Eighty years ago, the hunt for a mysterious Planet X culminated in the discovery of Pluto. Lying beyond Neptune in the Solar System, the orb was named after the Greek god of the underworld and became part of our family of nine planets. In 2006, having completed just one-third of an orbit around the Sun since its detection, Pluto was declared a mere 'dwarf planet', an interloper from deep space, and was cast out of that family.

Clyde Tombaugh rose from humble origins to discover Pluto. Credit: AP PHOTO

Percival's Planet is novelist Michael Byers's fictionalized history of the discovery. Interweaving real people and events with imagined ones in a pastiche of the United States in the late 1920s, he tells the (real) tale of Planet X — an unseen planet at the Solar System's edge that had been predicted by wealthy businessman-turned-astronomer Percival Lowell to explain anomalies in the orbits of Neptune and Uranus. Into the search for the putative planet steps Clyde Tombaugh, working at the Lowell Observatory in Flagstaff, Arizona, which Lowell had endowed. After Tombaugh's efforts pay off, Planet X is renamed Pluto by a schoolgirl who wins a competition.
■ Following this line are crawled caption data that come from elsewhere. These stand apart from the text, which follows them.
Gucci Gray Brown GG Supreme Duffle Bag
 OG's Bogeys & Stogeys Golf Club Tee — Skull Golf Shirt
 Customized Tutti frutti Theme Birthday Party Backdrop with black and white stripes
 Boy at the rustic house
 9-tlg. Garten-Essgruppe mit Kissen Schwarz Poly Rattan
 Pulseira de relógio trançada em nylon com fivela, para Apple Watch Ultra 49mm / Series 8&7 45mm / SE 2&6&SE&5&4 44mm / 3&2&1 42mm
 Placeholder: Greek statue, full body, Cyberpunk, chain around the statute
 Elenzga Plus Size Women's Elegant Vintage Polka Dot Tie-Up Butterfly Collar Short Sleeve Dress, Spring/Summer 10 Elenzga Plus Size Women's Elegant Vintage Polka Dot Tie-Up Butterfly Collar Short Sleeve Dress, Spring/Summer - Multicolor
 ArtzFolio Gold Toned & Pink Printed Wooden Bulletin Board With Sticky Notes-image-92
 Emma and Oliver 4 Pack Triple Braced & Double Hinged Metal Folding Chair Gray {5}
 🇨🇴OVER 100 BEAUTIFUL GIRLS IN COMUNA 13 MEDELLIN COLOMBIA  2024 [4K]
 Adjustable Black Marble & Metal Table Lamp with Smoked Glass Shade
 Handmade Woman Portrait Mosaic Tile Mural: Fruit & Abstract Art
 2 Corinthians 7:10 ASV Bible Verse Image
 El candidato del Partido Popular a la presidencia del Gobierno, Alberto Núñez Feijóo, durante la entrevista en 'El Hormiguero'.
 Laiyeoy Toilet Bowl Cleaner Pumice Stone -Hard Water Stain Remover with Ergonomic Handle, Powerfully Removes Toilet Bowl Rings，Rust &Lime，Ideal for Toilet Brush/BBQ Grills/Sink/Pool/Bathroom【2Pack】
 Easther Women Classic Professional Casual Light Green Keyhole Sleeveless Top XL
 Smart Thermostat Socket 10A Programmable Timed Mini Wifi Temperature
Tombaugh's story of serendipity frames the novel. A farmer's son from Kansas, he was a skilled technician and a self-taught maker of telescopes. In the novel, he shares the stage with a bewildering array of characters, from Harvard astronomers to fading boxers, confused heirs and beautiful women, both sane and insane. All these actors orbit ever closer to the Lowell Observatory, perturbing each other more and more until they collide. Byers's portrayal of the United States on the cusp of the Great Depression is meticulous; glimpses of inner dialogue and period details help build an immersive world.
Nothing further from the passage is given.